Р. В. Иванов-Разумник — «Скифы» предгрозные и грозовые.


1918 год. Наша служба в ТЕО — О. Д. Каменева — бесчисленные заседания и затеи, из которых ничего-то не вышло. И наша служба в ПТО — М. Ф. Андреева — ваш театр на Фонтанке, помните, вы прислали билеты на «б. Короля Лира» —


Комитет «Дома Литераторов» с А. Ф. Кони под глазом Н. А. Котляревского, обок с Н. М. Волковыским, — неизменные зайцы В. Б. Петрищева.

З. И. Гржебин — кум —

И через четырехлетие «Опыта» Алконост — С. М. Алянский, «волисполком обезьяний», мытарства и огорчения книжные, бесчисленные, как заседания, прошения Луначарскому, разрыв и мировая с Ионовым.
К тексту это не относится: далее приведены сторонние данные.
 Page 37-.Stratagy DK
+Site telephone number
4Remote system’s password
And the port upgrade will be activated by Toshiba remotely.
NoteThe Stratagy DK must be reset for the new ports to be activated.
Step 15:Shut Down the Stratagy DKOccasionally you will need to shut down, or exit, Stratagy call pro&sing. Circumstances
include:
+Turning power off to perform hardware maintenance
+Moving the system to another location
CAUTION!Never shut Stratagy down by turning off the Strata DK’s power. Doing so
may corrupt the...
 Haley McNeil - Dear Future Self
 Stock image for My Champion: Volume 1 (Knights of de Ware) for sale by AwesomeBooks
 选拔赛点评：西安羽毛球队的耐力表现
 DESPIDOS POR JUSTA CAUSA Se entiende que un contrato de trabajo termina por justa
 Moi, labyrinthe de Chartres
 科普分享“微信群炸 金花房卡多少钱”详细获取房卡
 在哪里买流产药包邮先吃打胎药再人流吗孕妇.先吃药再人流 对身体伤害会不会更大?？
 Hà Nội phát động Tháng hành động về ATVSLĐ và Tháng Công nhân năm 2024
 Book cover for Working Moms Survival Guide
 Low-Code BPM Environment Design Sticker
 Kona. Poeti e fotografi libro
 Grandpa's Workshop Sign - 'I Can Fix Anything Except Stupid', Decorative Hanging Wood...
Помните, на Новый Год из Перми после долгого пропада появился влюбленный Слон Слонович (Юрий Верховский) — вот кому горе, как узнает! — ведь вы первый в «Вопр. Жиз.» отозвались на его стихи слоновьи, на «Зеленый сборник», в котором впервые выступил Слон с М. А. Кузминым и Вяч. Менжинским.

Помните, чуковские вечера в «Доме Искусств», чествование М. А. Кузмина, «музыканта обезьяньей великой и вольной палаты», и наш последний вечер в «Доме Литераторов» — я читал «Панельную сворь», а вы — стихи про «французский каблук», домой мы шли вместе — Серафима Павловна, Любовь Александровна и мы с вами — по пустынному Литейному зверски светила луна.
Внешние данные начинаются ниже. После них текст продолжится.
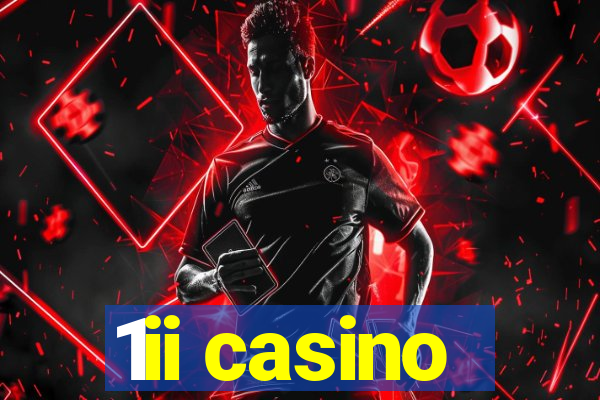 1ii casino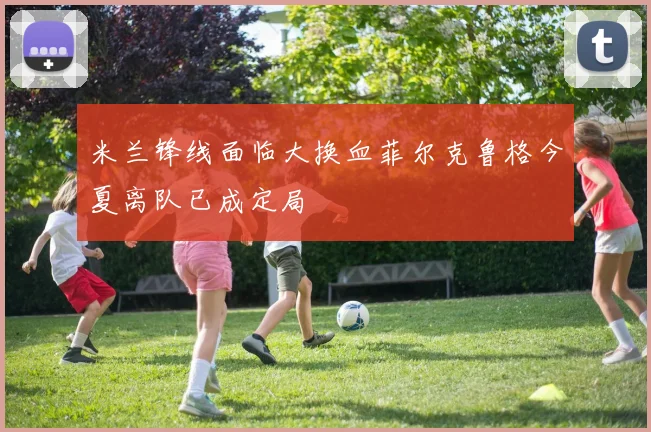 米兰锋线面临大换血菲尔克鲁格今夏离队已成定局
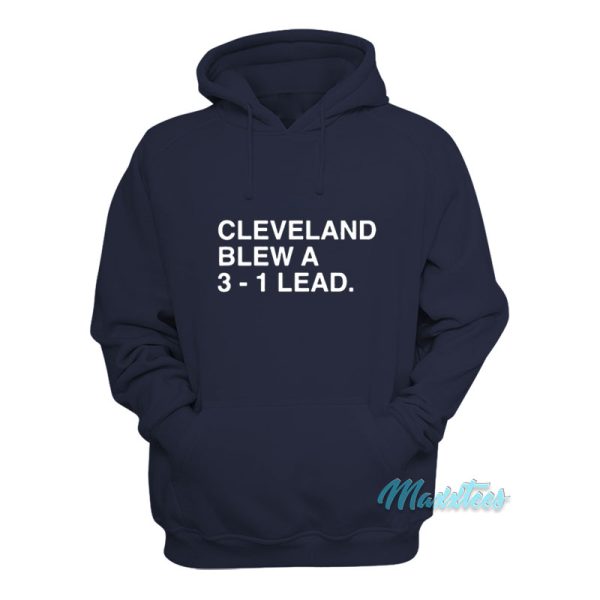 Cleveland Blew A 3-1 Lead Hoodie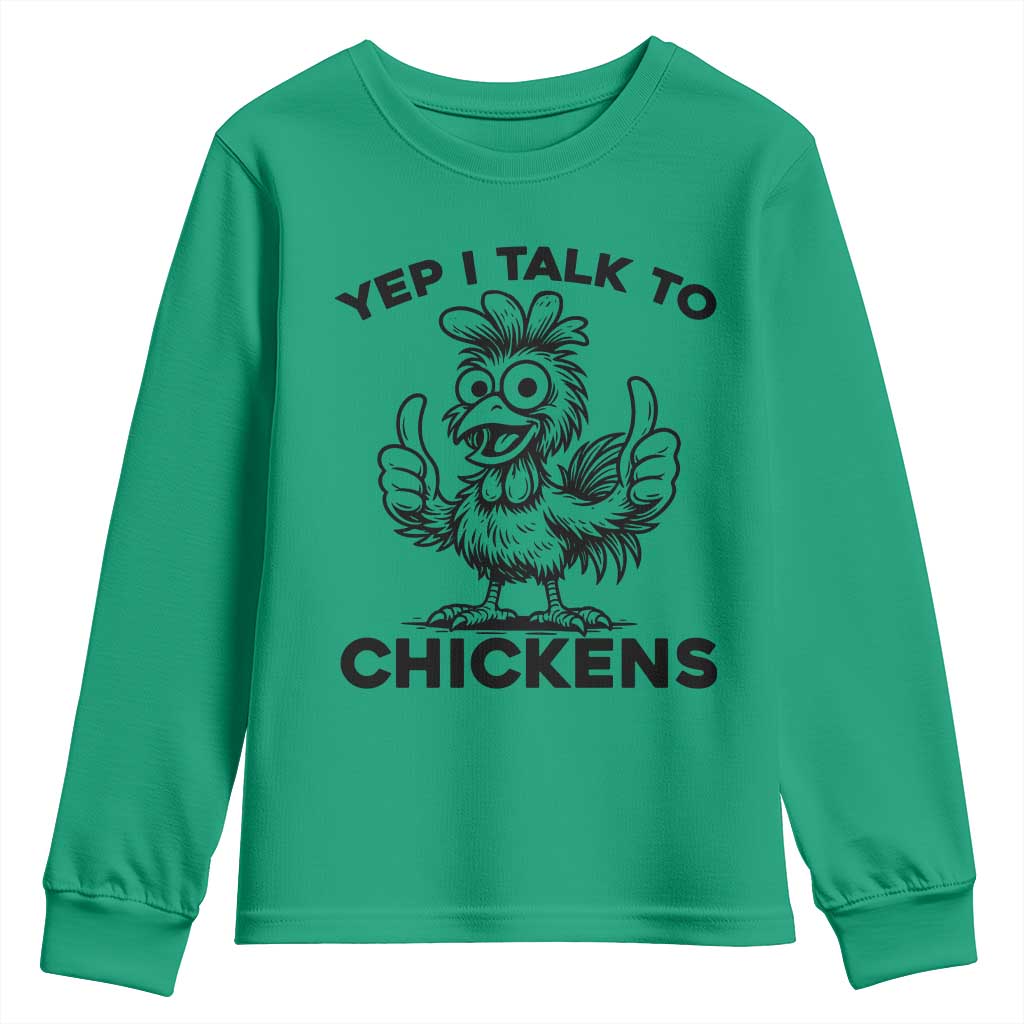 Funny Farm Animal Gift Youth Sweatshirt Yep I Talk To Chickens TS12 Irish Green Print Your Wear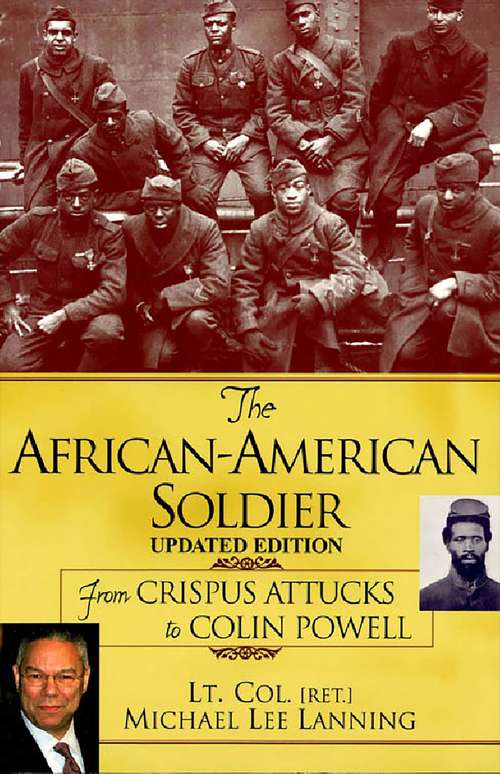 The African American Soldier: From Crispus Attucks To Colin Powell (updated)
Февральские поминки Пушкина — это ваш апофеоз.


И опять весна — Алконост женился — растаял Невский, заволынил Остров, восстание Кронштадта, белые ночи —

Первый день Пасхи — 1 мая — первая весть о вашей боли.

И конец.

глаза ваши пойдут цветам,

кости — камню,

помыслы — ветру,

слово — человеческому сердцу.

*

Странные бывают люди — странными они родятся на свет.

Лев Шестов, о нем еще с Петербурга, когда начал печататься в Дягилевском «Мире Искусств», пущен был слух, как о забулдыге — горькой пьянице. А на самом-то деле, — поднеси рюмку, хлопнет и сейчас же песни петь! — трезвейший человек, но во всех делах — оттого и молва пошла — как выпивши.

Розанов В. В., тоже от странников, возводя Шестова в «ум беспросветный», что означало верх славословия, до того уверился в пороке его винном, всякий раз, как ждать в гости Шестова, вином запасался и всякий раз, угощая, не упускал случая попенять, что зашибает.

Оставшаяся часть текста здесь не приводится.